Eu queria saber se vc depois consegue largar esse personas. Ja aconteceu de algum ficar preso a vc?

Anônimo disse...

ihh..to torcendo para seu ponto final chegar logo...
desse jeito, o que é para vc o 'ponto final'
pode ser para nós ,o grande publico,
o leitor
o espectador , oexperimentador ,,um magnifico ponto e virgula ; tchan tchan tchan tchan
ps. estva tentando postar lá.. mas a pg não foi..

Anônimo disse...

Olá Professora!

Quando leio seus textos, parece que estou ouvindo você falar.(rs)
Espero que "O Ponto Final" seja apenas o começo de muitas outras obras de sucesso.

Abraços,
Paz e Bem,
José Eduardo Gouvêa

Fugu disse...

Cláudia, ponto final não existe. Escritor está sempre escrevendo. Somos nosso próprio texto, nossa própria construção.
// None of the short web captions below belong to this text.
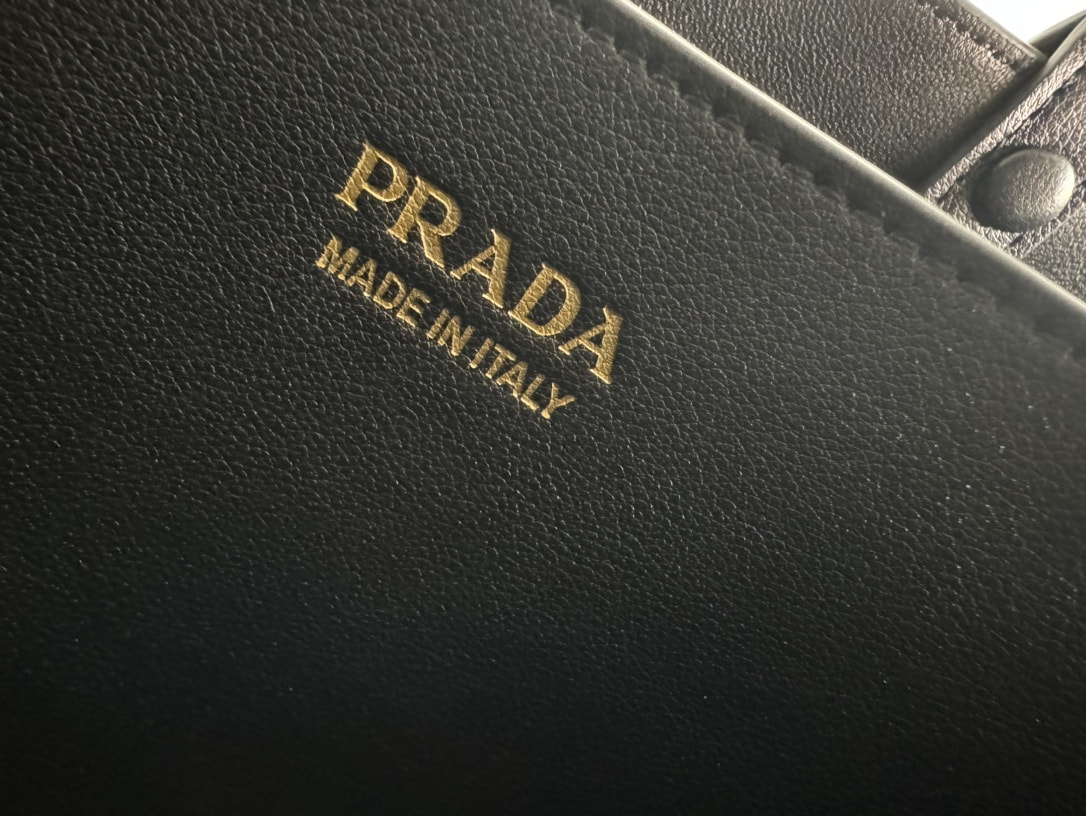       RD Prada Buckle leather handbag with double belt (,  8)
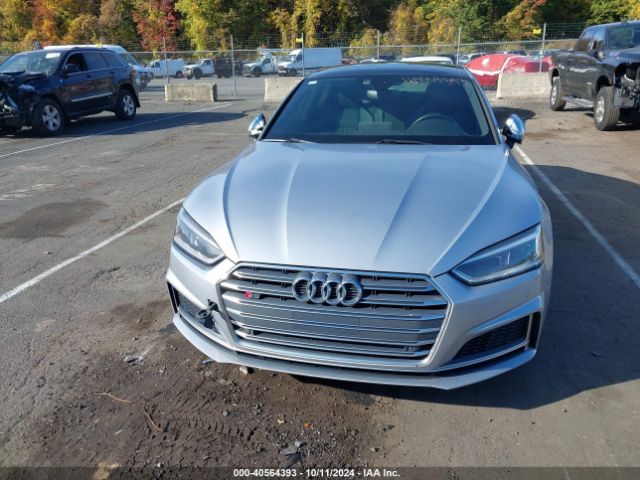 Photo 5 VIN: WAUB4CF50JA073900 - AUDI S5 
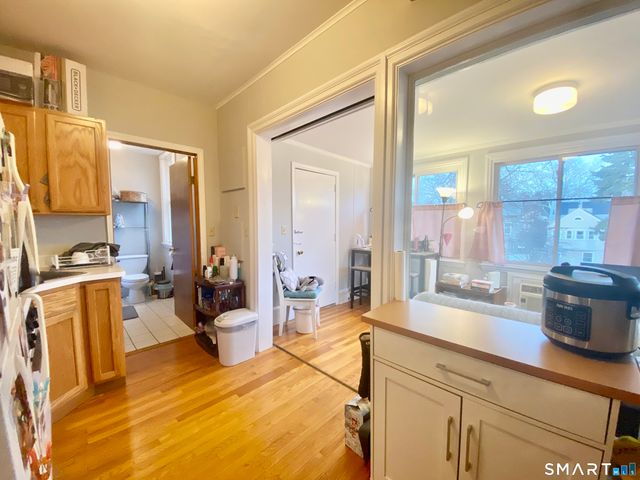 239 Edwards Street 2E, New Haven, CT 06511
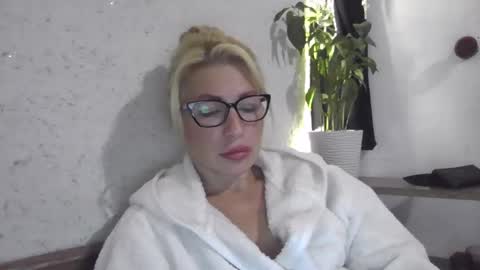 Snapshot of fox_red_lady7 chatting on 10/08/25, 07:44 fox_red_lady7 online show from 10/08/25, 07:44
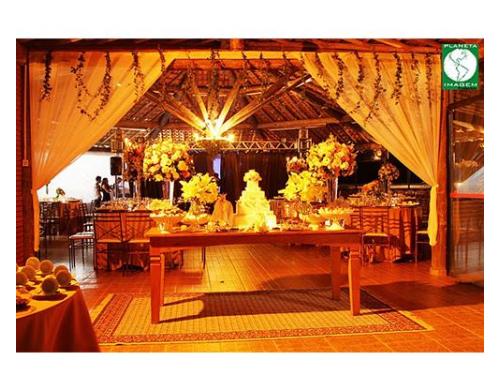 Amplo salão de festas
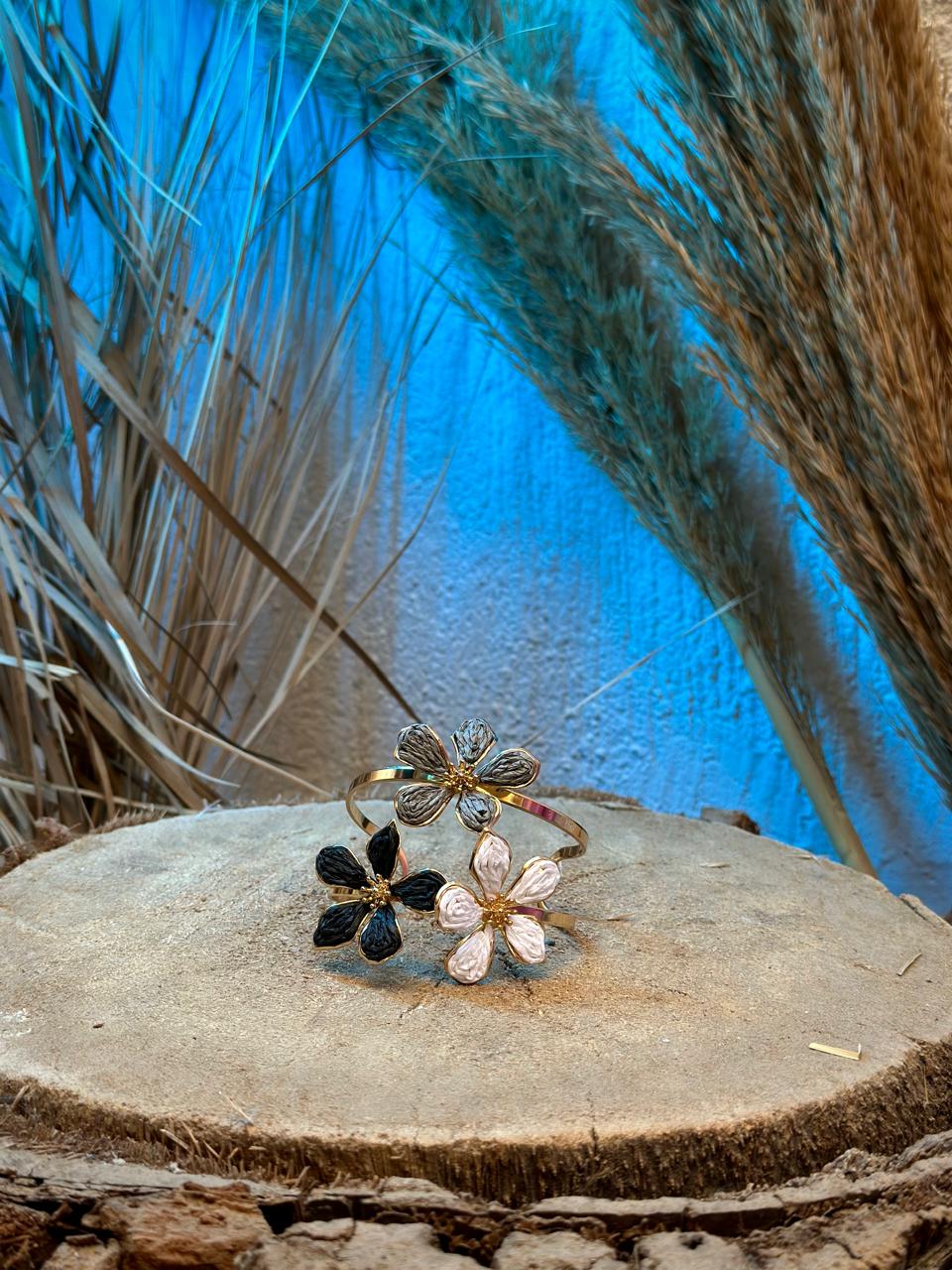 Elegant Flowers Bracelet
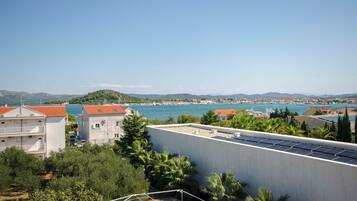 Apartment (A7) | Water view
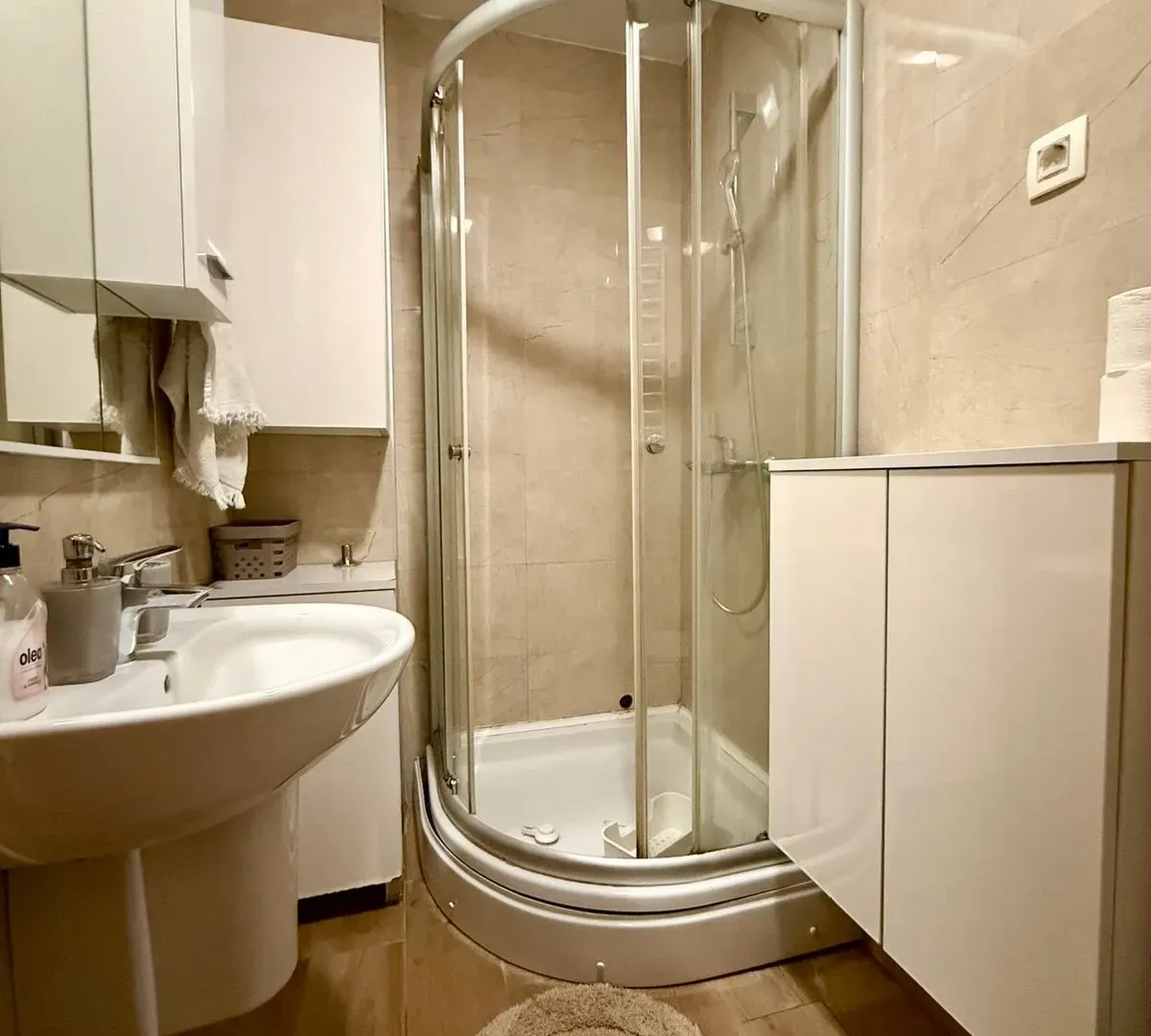 Izdavanje, jednosoban stan, 47m², Blok 9, Podgorica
Mas vou adorar ver seu livro novo. Beijo você.

Claudia Lage disse...

Plaz, os personagens dos contos tomaram vida própria e seguiram seu caminho. Os do romance, apesar de estarmos juntos há quatro anos, espero q façam o mesmo. Até para outros personagens chegarem, não?
Na verdade, acho q no processo criativo as coisas vão aos poucos omando o formato q tem q ser.